Shortly after finishing Jungle Jim, Withers appeared in Radio Patrol (1937), his final Universal serial and his final starring cliffhanger. Based on a comic strip by Charles Schmidt and Eddie Sullivan, Patrol starred Withers as a police officer named Pat O’Hara, who tried to solve the murder of an inventor and became involved in a complicated mystery involving a fugitive convict, a formula for flexible steel, a sinister Middle Eastern ambassador, a crooked industrialist, and a mysterious killer. O’Hara ultimately cracked the case and won a promotion to the detective squad, with the help of his partner (Adrian Morris), the inventor’s son (Mickey Rentschler) and the fugitive’s sister (Catherine Hughes).

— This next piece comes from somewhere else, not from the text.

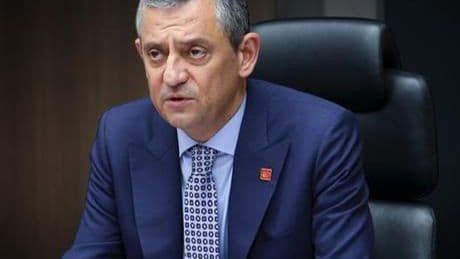CHP’de 'gelmezler' polemiği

Radio Patrol was a very well-made crime serial, with a complicated but non-confusing plot and vivid Depression-era urban locations (including a a steel mill and a junkyard). Withers was perfectly cast as a determined, level-headed “cop,” a realistic hero the audience could identify with as he sorted out the plot’s often fantastic tangles.
Above: Withers, in plain clothes this time, has the drop on a trio of thugs in Radio Patrol. Adrian Morris, in light suit, aids Withers. The heroes’ canine helper Silver Wolf can be glimpsed between Withers and Morris, while the thug closest to Withers is Tom London.
Withers made his last serial, the energetic Columbia Pictures thriller The Secret of Treasure Island, in 1938. This time he was a heavy, a role he would play for most of his subsequent screen career. Withers’s character was Gridley, the vicious, ruthless henchman of a villain called the Shark (Walter Miller). The Shark was seeking a pirate treasure on a Caribbean island, and Gridley was ostensibly aiding him, while doing his best to get the treasure for himself. Withers gave this villain the same determination he had imparted to his heroes, making the character a frighteningly tireless bad guy. Gridley obviously felt that force was the only way of getting what he wanted, and he exerted force early and often, continually threatening hero Don Terry and heroine Gwen Gaze with brutal violence and doing his best to make good on such threats. Gridley’s single-minded villainy was his undoing, though; in the final chapter, he became too preoccupied with his attempts to explode Terry and Gaze to make his escape from a volcanic eruption.
Withers starred in a few more B-films in the late 1930s before settling down to a long career as a character actor in major and minor films, a career that lasted throughout the 1940s and into the 1950s. He specialized in playing nasty heavies, but managed an occasional sympathetic role as a gruff policeman or genial “working stiff.” In 1944, he signed a ten-year contract with Republic Pictures, and worked extensively in their B and A-westerns, usually playing villains opposite stars like Roy Rogers, Bill Elliott, and John Wayne. He also became a regular member of director John Ford’s stock company during this time, appearing in Ford westerns like My Darling Clementine (as outlaw Ike Clanton), Fort Apache (as a corrupt Indian Agent) and Rio Grande (as a grumpy but persistent marshal pursuing fugitive Ben Johnson). After his Republic contract expired in 1954, he worked chiefly in television, appearing in some meaty supporting roles on shows like Cheyenne (as an embittered ex-lawman turned to crime) and Wagon Train (as a revenge-seeking cattle baron who relented in the end). His final role was a sympathetic part (the leading lady’s father) in a 1959 episode of the Rory Calhoun series, The Texan. Sadly, Withers, suffering from illness and personal problems, killed himself with a barbiturate overdose in 1959.
Grant Withers will always be remembered by movie buffs as one of the best villains in the business, but serial buffs will also recall that Withers lent his tough-guy presence to some memorable heroic roles. Few actors could convey quietly tough heroism and bulldog-like tenacity as well as Grant Withers could, and few were as perfectly suited to starring chapterplay roles as Marine non-coms, policemen, and other down-to-earth but authoritative types.